Charles River Laboratories, one of the largest safety testing CROs in the world, has publicly embraced the shift. Steve Bulera, their Corporate Vice President and Chief Scientific Officer of Discovery and Safety Assessment, predicted that NAMs will "dominate the space, but not overnight." That last part matters.
So what replaces a monkey? The toolkit is growing fast:
Organoids are miniature 3D organ models grown from stem cells. They mimic human tissue structure and can test drug toxicity in ways that are actually more relevant to humans than monkey data. Organ-on-chip systems use microfluidic devices with living human cells to simulate how drugs move through liver, lung, or brain tissue. AI and computational models can predict toxicity from massive datasets before a single cell is exposed.
One industry projection estimates these alternatives could save 90% on new drug startup costs by reducing the catastrophic attrition rate (currently, about 90% of drug candidates that pass animal testing still fail in humans).
But validation and standardization remain real obstacles.
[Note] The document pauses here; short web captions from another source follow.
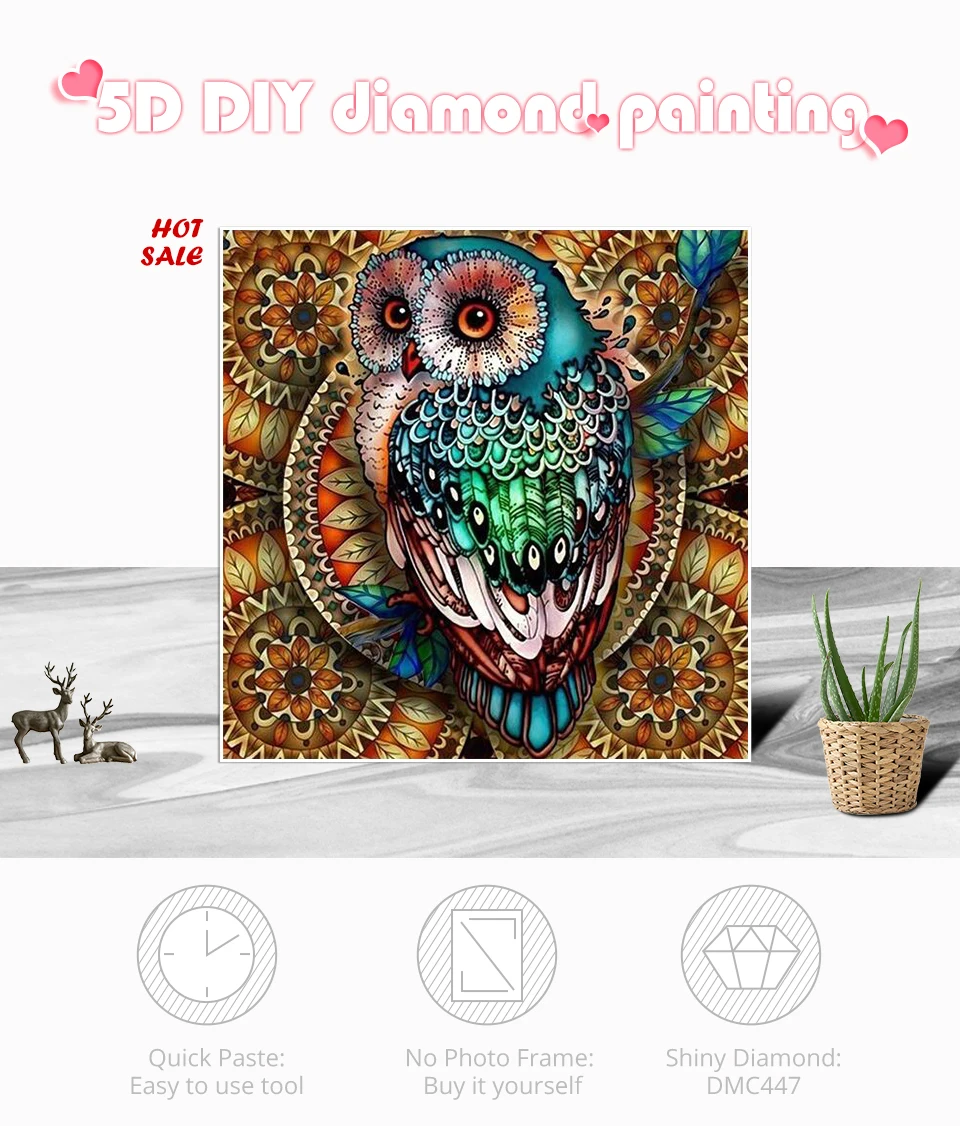 Алмазная картина полностью квадратная Сова 5D DIY вышивка мозаика стразы животное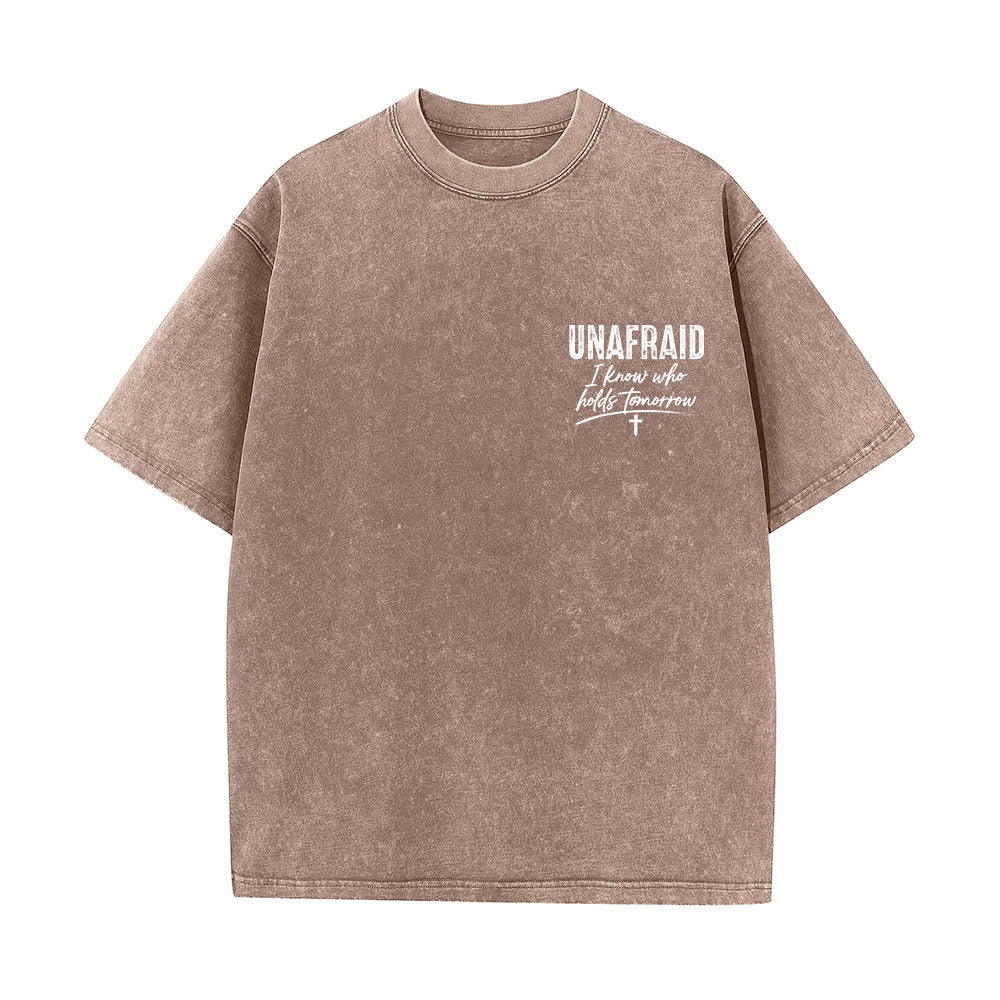 Christianartworkshop Left Chest Unafraid Cross Accent Back No Worries God Got Me Heart Detail Washed T鈥慡hirt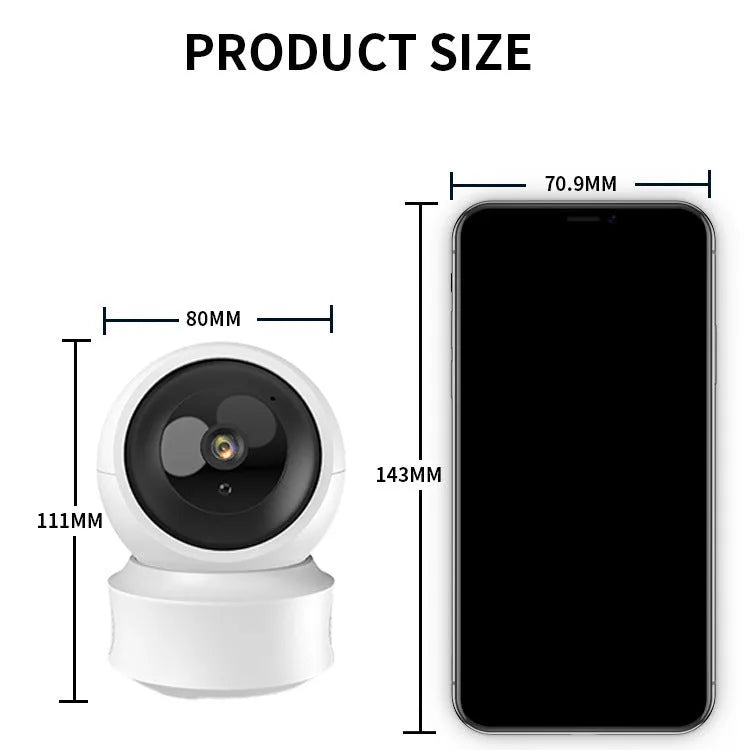 Wireless WiFi indoor surveillance camera with 360-degree panorama, night vision, and voice intercom, 135 x 104 x 98mm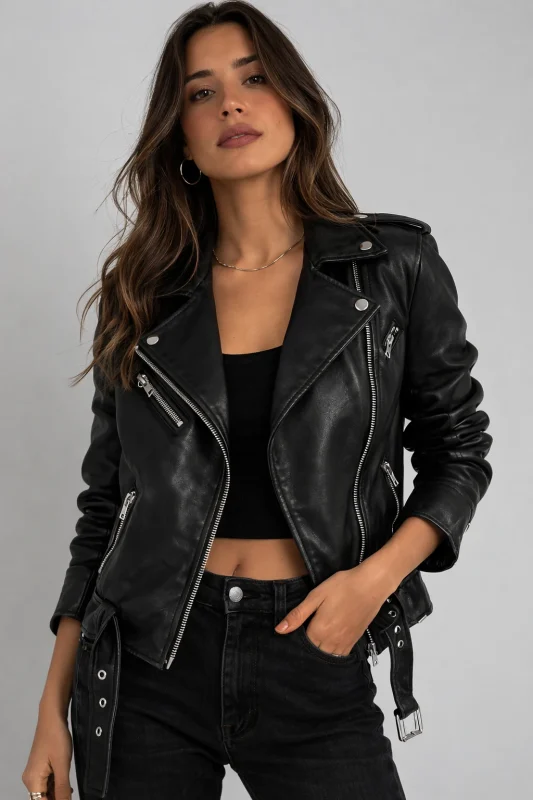 women biker jacket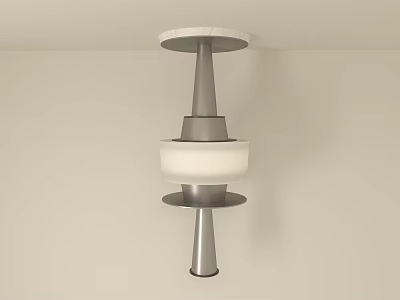 Modern Silver Ceiling Light with White Lampshade and Layered Metal Design 3d model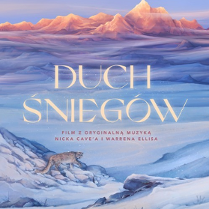 Film poster -snowy landscape, poster in blue colours.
A February 2026 review from the Association of the British Pharmaceutical Industry found significant gaps between academic innovation and industry-ready tools. Scaling these technologies, making them reproducible, correlating them with existing animal datasets: all of that takes time.
This isn't Congress's first swing at primate research. The arc follows a pattern. In 2015, the U.S. effectively ended all invasive research on chimpanzees through a combination of endangered species protections and an NIH decision to stop funding chimp studies. The 2000 CHIMP Act had created sanctuaries. The 2007 "Chimp Haven is Home Act" made those retirements permanent.
Each step seemed radical at the time. Each one stuck.
Monkeys are a different story, though. Chimps were used in relatively small numbers for limited applications. Macaques are the workhorse of preclinical testing across oncology, neuroscience, infectious disease, and immunology. Replacing them isn't a single decision; it's a thousand decisions across thousands of drug programs.
The PRIMATE Act hasn't passed yet. It was recently introduced and hasn't even been referred to committee as of early May. But the direction of travel is unmistakable: regulators want fewer primates in testing, Congress is interested in banning imports, and the private sector is investing heavily in alternatives.
The question isn't whether primate testing will decline. It's whether the replacement technologies will mature fast enough to avoid a gap, one where promising drugs sit in regulatory limbo because the old testing methods are banned and the new ones aren't validated.
For biotech companies with programs that depend on primate toxicology data, the smart move is obvious: start building your NAM strategy yesterday. Because whether this bill passes or not, the era of shipping 20,000 monkeys a year across the Pacific is winding down.